→ WORK ITEM
Using the records below, output the stretch that opens with the line containing "茶绿色液体橙子叶子一杯茶茶壶概念水平杯子棕色图片" and closes with the line containing "Women shout during", exactly and including both lines, with nothing more.

Top of DATA RECORDS

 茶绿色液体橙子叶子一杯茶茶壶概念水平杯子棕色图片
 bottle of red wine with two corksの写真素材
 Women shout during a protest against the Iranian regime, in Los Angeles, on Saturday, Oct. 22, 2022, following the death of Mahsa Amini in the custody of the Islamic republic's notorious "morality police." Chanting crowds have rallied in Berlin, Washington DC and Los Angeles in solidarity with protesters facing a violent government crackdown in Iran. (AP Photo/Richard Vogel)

Bottom of DATA RECORDS
Top of DATA RECORDS

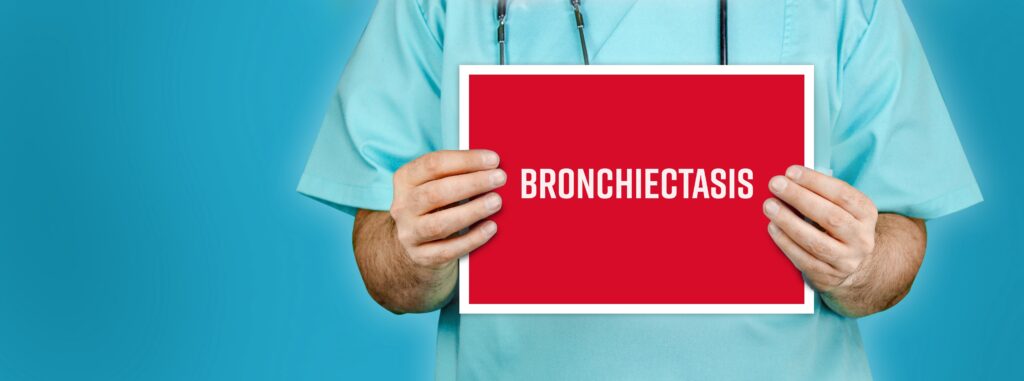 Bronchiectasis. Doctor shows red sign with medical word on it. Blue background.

Bottom of DATA RECORDS

→ ANSWER BOX
 茶绿色液体橙子叶子一杯茶茶壶概念水平杯子棕色图片
 bottle of red wine with two corksの写真素材
 Women shout during a protest against the Iranian regime, in Los Angeles, on Saturday, Oct. 22, 2022, following the death of Mahsa Amini in the custody of the Islamic republic's notorious "morality police." Chanting crowds have rallied in Berlin, Washington DC and Los Angeles in solidarity with protesters facing a violent government crackdown in Iran. (AP Photo/Richard Vogel)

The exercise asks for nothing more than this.